= DATA SECTION =
_____
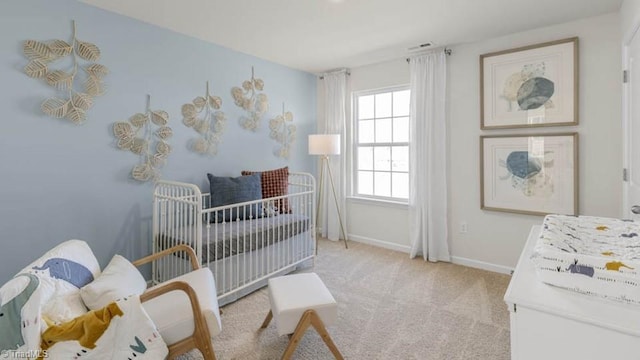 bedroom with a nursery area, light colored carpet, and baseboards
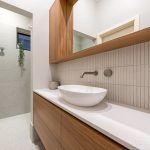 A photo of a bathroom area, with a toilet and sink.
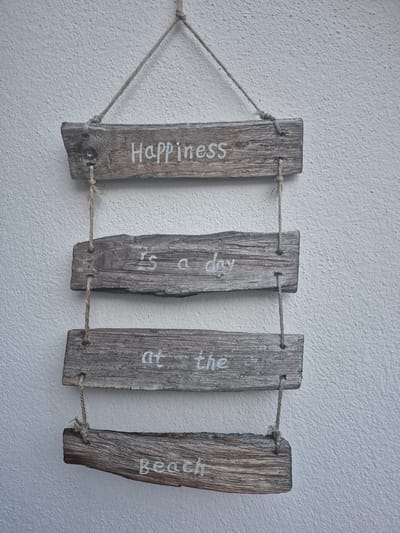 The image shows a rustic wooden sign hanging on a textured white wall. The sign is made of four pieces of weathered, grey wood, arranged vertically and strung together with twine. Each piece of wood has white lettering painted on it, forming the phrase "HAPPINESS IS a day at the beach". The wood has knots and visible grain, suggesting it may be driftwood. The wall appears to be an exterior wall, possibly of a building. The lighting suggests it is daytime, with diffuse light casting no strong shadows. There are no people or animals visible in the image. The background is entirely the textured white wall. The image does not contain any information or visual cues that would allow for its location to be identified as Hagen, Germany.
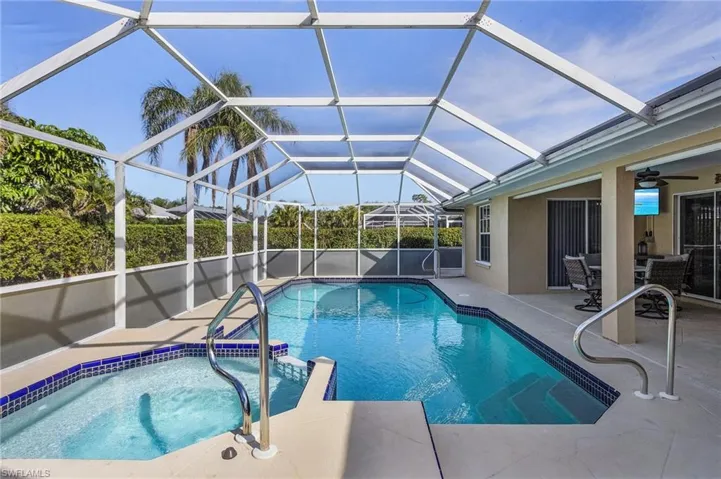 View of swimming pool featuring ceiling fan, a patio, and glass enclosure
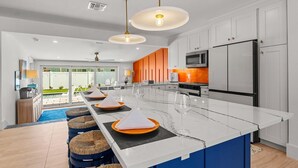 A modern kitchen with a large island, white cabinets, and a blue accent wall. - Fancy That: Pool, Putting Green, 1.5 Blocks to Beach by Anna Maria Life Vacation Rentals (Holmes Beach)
_____
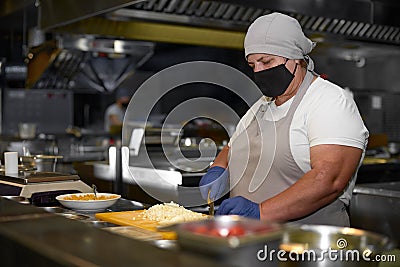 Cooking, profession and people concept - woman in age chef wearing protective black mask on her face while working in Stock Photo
_____
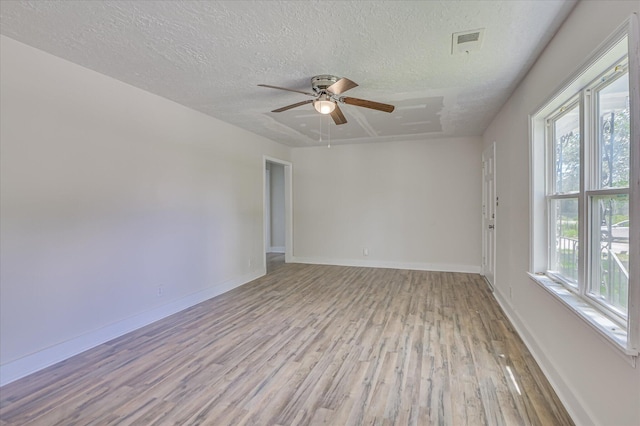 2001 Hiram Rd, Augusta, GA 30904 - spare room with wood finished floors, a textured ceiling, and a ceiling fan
_____
= WORK TO BE COMPLETED =
In the listing above, find the line containing "bedroom with a" and the line containing "A modern kitchen", then return both of them and every line between, exactly, without pictures.

= SOLUTION TO THIS TASK =
 bedroom with a nursery area, light colored carpet, and baseboards
 A photo of a bathroom area, with a toilet and sink.
 The image shows a rustic wooden sign hanging on a textured white wall. The sign is made of four pieces of weathered, grey wood, arranged vertically and strung together with twine. Each piece of wood has white lettering painted on it, forming the phrase "HAPPINESS IS a day at the beach". The wood has knots and visible grain, suggesting it may be driftwood. The wall appears to be an exterior wall, possibly of a building. The lighting suggests it is daytime, with diffuse light casting no strong shadows. There are no people or animals visible in the image. The background is entirely the textured white wall. The image does not contain any information or visual cues that would allow for its location to be identified as Hagen, Germany.
 View of swimming pool featuring ceiling fan, a patio, and glass enclosure
 A modern kitchen with a large island, white cabinets, and a blue accent wall. - Fancy That: Pool, Putting Green, 1.5 Blocks to Beach by Anna Maria Life Vacation Rentals (Holmes Beach)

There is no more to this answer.